Sunday, January 7, 2018

Event: Mark Fosson & Laura Baird



Saturday, January 13th at 7:30
at
Brickbat Books:

Mark Fosson
Laura Baird



While the sheer virtuosity of ‘Solo Guitar’ is certainly a large part of its charm, more important is Fosson’s ability to weave memorable and articulate melodies. Without a clear sense of direction, solo instrumentation can risk meandering somewhat – but not here. There’s a clear sense of focus throughout the album, Fosson casting a very particular spell with the moody atmospherics of ‘The Creeper’, ‘Noodlin On The East Fork’ likewise boasting a vibrant sense of forward-motion and energy.
‘Solo Guitar’ is a really well crafted record – it’s well balanced and it never struggles to keep the attention of its listeners. It’s an album that confirms Mark Fosson to be technically equal to many of the genre’s biggest names and, likewise, he has no trouble in directing that ability into charming, well thought-out pieces which slot together to create a great album in ‘Solo Guitar’.
...unequivocally proves that he’s a guitarist that should, by rights, be mentioned in the same breath as genre-overlords like Fahey and Kottke.
Martin Leitch - GIGSOUP - July 23, 2017


Fosson has dexterity to spare. His instrumental style is akin to his early mentor, the American “primitive” guitarist John Fahey, to whose label, Takoma Records, he first recorded in 1976. From then to now, critical appreciation and commercial appeal have run in parallel, and while the fittingly titled Solo Guitar won’t change that, it is nonetheless a breath of fresh air to hear such crystal-clear, fluid and agile guitar playing.
Tony Clayton-Lea - IRISH TIMES - 27 July 2017 





"With a musical timeline dating back to her early childhood, Laura
Baird is an exceptionally talented multi-instrumentalist and
singer-songwriter, best known for her projects with her sister, Meg,
as The Baird Sisters, and guitarist Glenn Jones. Baird’s own sound
stems from the Appalachian folk tradition, and she connects to it via
family lineage--her great-great uncle I.G. Greer’s folk recordings for
the Library of Congress are a large influence. Also woven into her
sonic influences are classical composers like Bach and Satie, and
modern day musicians such as Opal and Yo La Tengo."
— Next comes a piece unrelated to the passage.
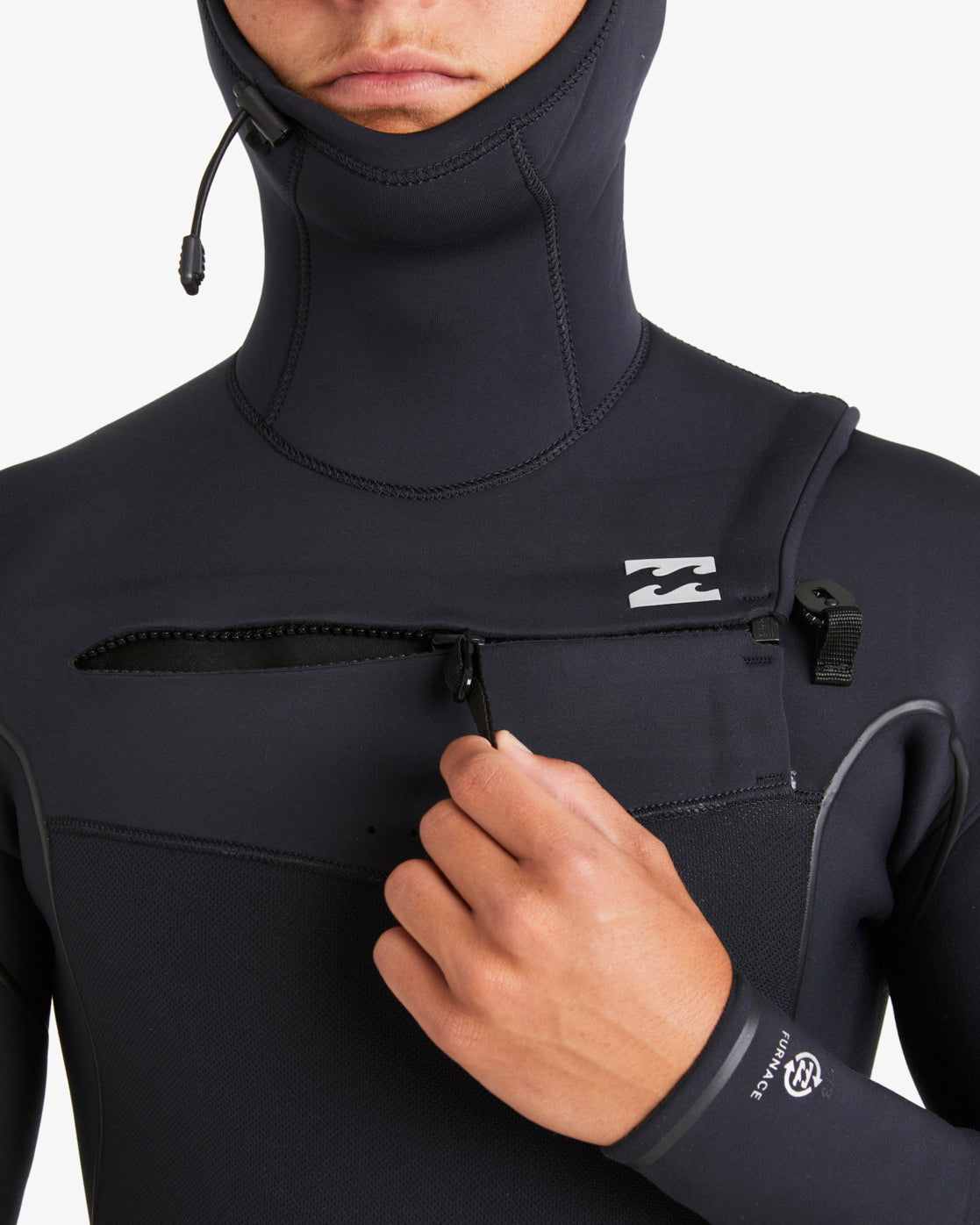 6/5mm Furnace Natural - Wetsuit met een Borstrits voor Heren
"For her upcoming debut solo album, I Wish I Were A Sparrow, Baird
plays odes to the tradition from which she learned to play, combining
Appalachian balladry, the roughness of old field recordings, and a
dose of dreaminess and solitude that captures the distinct environment
of sleepy central New Jersey. This is where Baird departs from
tradition, leaving the communal origins of folk music and capturing
the singular self. An amalgam of old and new can be found in the
overall sound, as well as the lyrics, with half of the songs on
Sparrow, including "Dreadful Wind and Rain" and "Pretty Polly", being
passed down from the folk tradition, and the other half, including
"Wind Wind "and "Love Song From The Earth To The Moon" coming from
Baird’s own hand. While the most salient part of her last Baird
Sisters project was the melding of familial voices and various
instruments, Baird’s solo effort is centered around the combination of
her virtuosic banjo playing and prominent but airy vocals."